Read also: Inflation slows as COVID-19 restrictions reduce demand

The central bank delivered five rate cuts worth a total of 125 bps in 2020 to cushion the impact of the coronavirus pandemic and encourage economic activity. It has also taken quantitative easing measures, including buying government bonds, cutting the reserve requirement ratio and undertaking monetary expansion.

Bank Indonesia has lowered its economic growth projection for Indonesia to between 4.3 percent and 5.3 percent for 2021, down from its previous projection of between 4.8 percent and 5.8 percent. The projection now exactly matches the government’s, which was also recently revised down from an initial forecast of growth between 4.5 percent and 5.5 percent.

BI’s Perry attributed the lower projection to lower-than-expected consumption and property investment in last year’s fourth quarter amid continued mobility restrictions in Indonesia.
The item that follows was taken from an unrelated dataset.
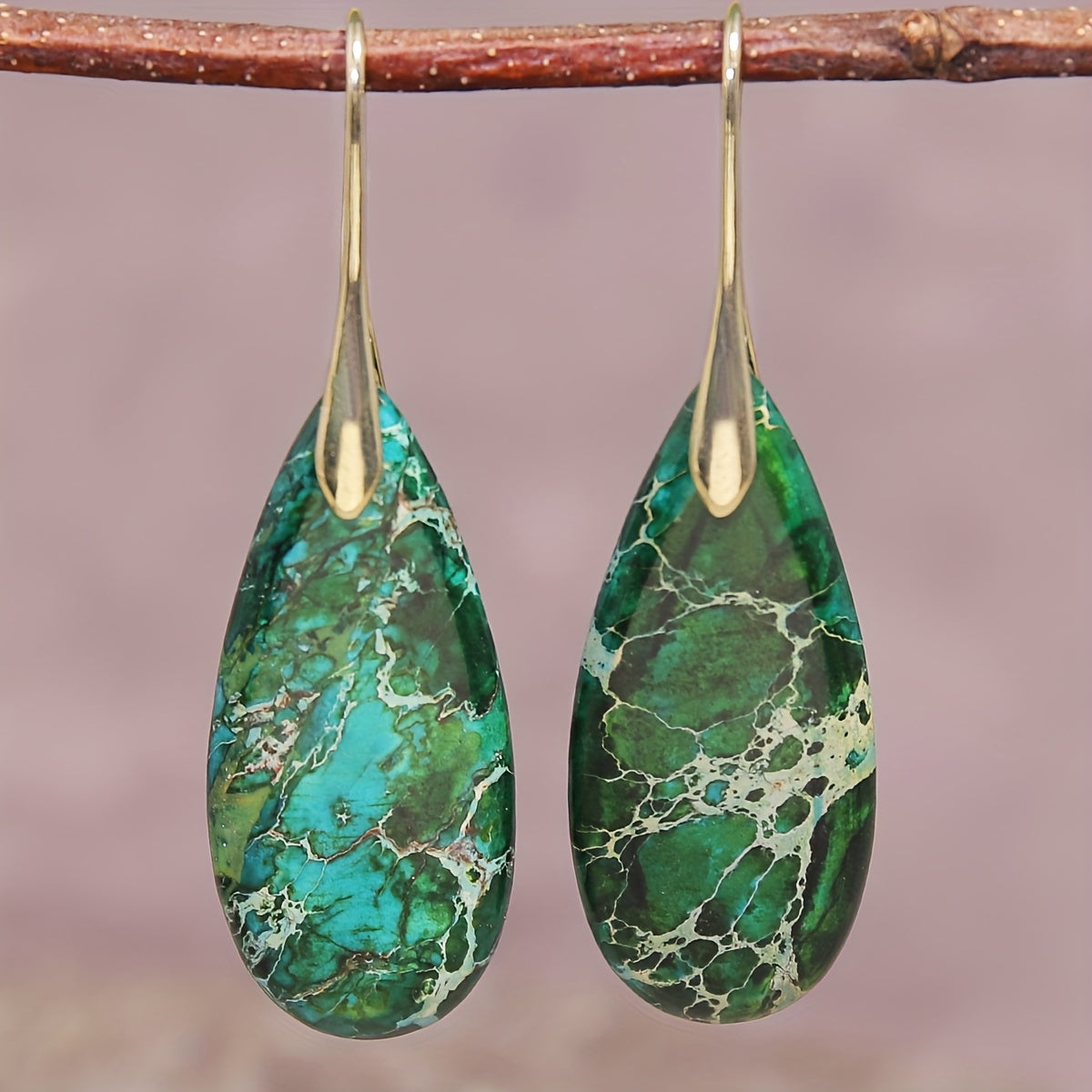 Bohemian Green Natural Stone Teardrop Earrings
Household spending fell 2.63 percent last year, led by a decline in retail sales.

“Going forward, economic recovery will happen as the global economy recovers and as the government accelerates the national vaccination program,” he said.

BI expects the world economy to recover 5.1 percent this year, higher than the previous projection of 5 percent, with China and India leading the recovery among developing countries, including Indonesia.
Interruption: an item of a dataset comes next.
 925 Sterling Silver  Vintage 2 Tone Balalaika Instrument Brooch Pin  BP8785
BI also revised down its domestic loan disbursement growth projection for this year to between 5 percent and 7 percent from the initial estimate of between 7 percent and 9 percent.
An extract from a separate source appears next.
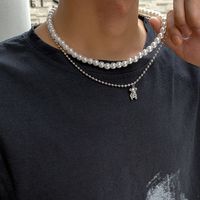 Fashion Bear Alloy Pearl Chain Layered Necklaces main image 2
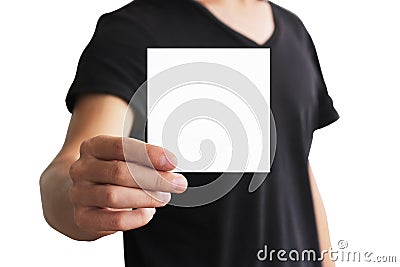 Man showing blank white square flyer brochure booklet. Leaflet p Stock Photo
The central bank based the new estimate on the banking industry’s high average capital adequacy ratio (CAR) of 23.8 percent and low nonperforming loan (NPL) ratio of 3.1 percent as of December 2020. The former figure measures banks’ financial strength.

Banks’ loan disbursements contracted by 1.92 percent year-on-year (yoy) in January 2021, which compares to a contraction of 2.41 percent yoy in December 2020.

Governor Perry said the central bank would continue its quantitative easing policy to help the government finance its stimulus programs and to spur lending.

Bank Indonesia bought Rp 473.42 trillion worth of government bonds in 2020 as part of the burden-sharing agreement with the government.

Read also: Indonesia books trade surplus again amid ‘concerning’ import decline

The pandemic has spurred government spending and sapped tax revenue. The country aims to spend Rp 627.9 trillion in national economic recovery (PEN) funds in 2021, compared to Rp 695.2 trillion last year.

Bank Central Asia (BCA) chief economist David Sumual said Bank Indonesia’s decision to lower its benchmark interest rate was within expectations, also because of the country’s relatively controlled inflation rate and the strengthening rupiah exchange rate.

“There was still room to lower rates, but now it is very limited. It will likely remain flat this year,” he told The Jakarta Post via phone call.

He added that the lower benchmark rate would complement other government measures to expedite economic recovery. These included tax breaks, eased trade regulations, social safety nets and the country’s COVID-19 vaccination program.

The University of Indonesia's Institute for Economic and Social Research (LPEM UI) previously recommended that the central bank lower its benchmark rate this month to 3.5 percent to accelerate economic recovery in the first half of this year.

The institute wrote in a February research note that such a cut would help stimulate internal demand and stabilize prices while external conditions “show a glimmer of hope” as the country records substantial portfolio inflows, monthly trade surpluses and foreign exchange reserves.

“We believe the option to further cut the policy rate is better than to hold in the hope that it can kick-start economic activity faster instead of facing a delay in economic recovery,” reads the report.